Addendum (with apologies to G.K. Chesterton).

Gently replied the Mantis of the Pen,

"Labor in peace and love your mantids then

"And love not Her since only they are dear,

"Only fear Her, for you have cause to fear."


----------



## Katnapper (Aug 17, 2009)

PhilinYuma said:


> Don't love 'em.Don't count them as pets.
> 
> Don't give 'em names.
> 
> So what kind of a rotten person does that make me?


Hmmm.... a practical person very interested and captivated by them, but not to the extent of feeling extreme affection or attachment to them. I believe you "love" them in a more scientific than emotional way. Though I'd wager you have felt twinges of sadness at finding horrible mismolts or deaths at times (that you may not admit to!).  



revmdn said:


> I stopped naming them a while back, pets yes.


Yes, I view them as pets also; and have stopped naming most of them when my collection got too big for it to be practical. But I still name the adult female _P. chlorophaeas_ and _P. paradoxas_. I guess because they are my favorites.


----------



## hibiscusmile (Aug 17, 2009)

names for a few, and always pets!!! I have, Anna, connie, may icis, lois, diane, deb, ivory, tess, eye, arby, jo, jill, june, krista, maddy, mo, .........


----------



## Rick (Aug 17, 2009)

No names and they are not considered true pets. My herps, dog, cats, etc are pets.


----------



## superfreak (Aug 17, 2009)

no names but theyre pets. my cat is a family member


----------



## revmdn (Aug 17, 2009)

My daughter gives them names for me now.


----------



## ABbuggin (Aug 17, 2009)

I dont name mine. I have too many. :lol:


----------



## Emile.Wilson (Aug 17, 2009)

I name the ones that really stick out to me, and i do consider them as pets.


----------



## a1_collection (Aug 17, 2009)

I seriously do consider my mantids pets. They are nothing less than pets to me.

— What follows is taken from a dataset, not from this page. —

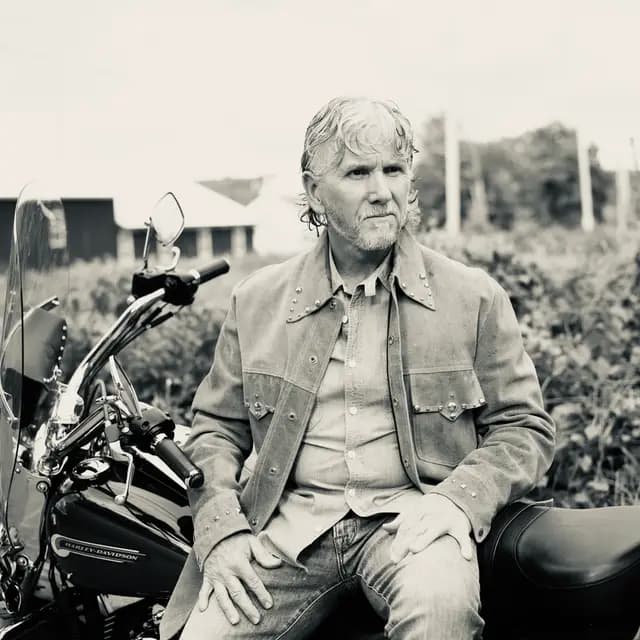 Black and white profile gaze from the motorcycle seat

I don't name my mantids. Too many and I am not very good with names. :lol:


----------



## batsofchaos (Aug 19, 2009)

I do consider them pets and have named them. While I find them fascinating and will be sad when they die or if they mismolt between now and adulthood, I do not have near the emotional investment in them than what I've afforded my cats and snake. After all, these little guys only live around a year, and it's hard to put emotional stock into something that has such a short life. I don't know if I will continue naming them as I get/breed more, but I've enjoyed having names for them so I think I'll at least try to keep them named, but probably not until they hit ~L4 and have some stability.


----------



## inferno (Aug 24, 2009)

duhh there pets they need to be taken care of


----------



## cloud jaguar (Aug 25, 2009)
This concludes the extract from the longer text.